"What we're seeing is a shift towards more considered decision-making, with buyers increasingly focused on long-term performance rather than short-term gain"
- Laura Dubois - Together Travel
The UK holiday home market is adjusting to a new reality. A 200% council tax charge, now applied by around 70% of local authorities, combined with the removal of key tax reliefs, has begun to reshape how second properties are bought, owned, and operated.
Holiday home numbers in England peaked at 346,956 in 2024 before easing to around 336,011 in 2025, a 3% decline and the first sustained fall in more than a decade.
For property investors, the shift raises a straightforward question: does the UK holiday home market still stack up?
Analysis from holiday home management specialist Together Travel suggests the underlying case remains intact, but the model of ownership is changing. Buyers focused on short-term gains are giving way to those taking a longer view, prioritising consistent income, year-round demand, and professional management over opportunistic returns.

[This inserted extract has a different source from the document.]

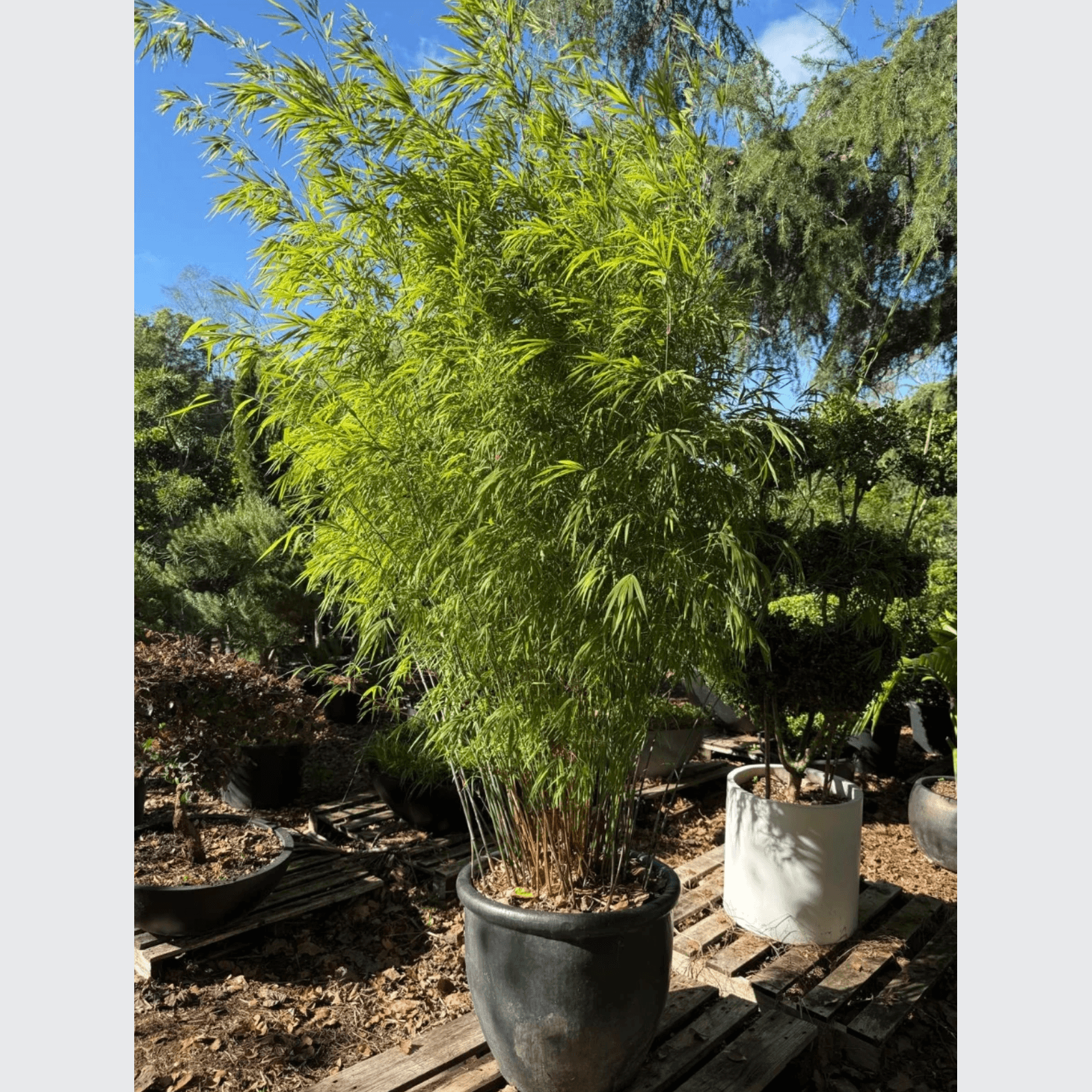 Bambusa Gracilis – Fairy Bamboo gallery detail image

Regional demand data from VisitBritain supports that picture, with four UK regions recording year-on-year growth in domestic stays in March 2026. Scotland saw the strongest uplift, with stays rising from 3% to 15%, a 400% increase, driven by growing appetite for rural and nature-led breaks.
London stays rose 31% between 2025 and 2026, reflecting the capital's resilience as a short-stay destination underpinned by a strong events calendar and consistent international visitor demand.
In the South West, including Cornwall and Devon, performance reached 21% in 2026, a rise of nearly 17%, reinforcing the region's position as one of the UK's most established domestic tourism markets.
The East of England, covering areas such as Norfolk, saw stays increase from 19% to 22%, driven by accessibility, value, and demand for coastal and countryside breaks within reach of major cities.
ONS data highlights where holiday homes remain most concentrated within local housing stock. Across the Isles of Scilly, they account for 31% of total stock, the highest proportion in the UK, reflecting the island's premium tourism appeal and limited housing base.
In London, the City of London (24%), Kensington and Chelsea (9%), and Westminster (8%) all rank among the top holiday home locations, reflecting the capital's dual role as a global tourism destination and international investment market.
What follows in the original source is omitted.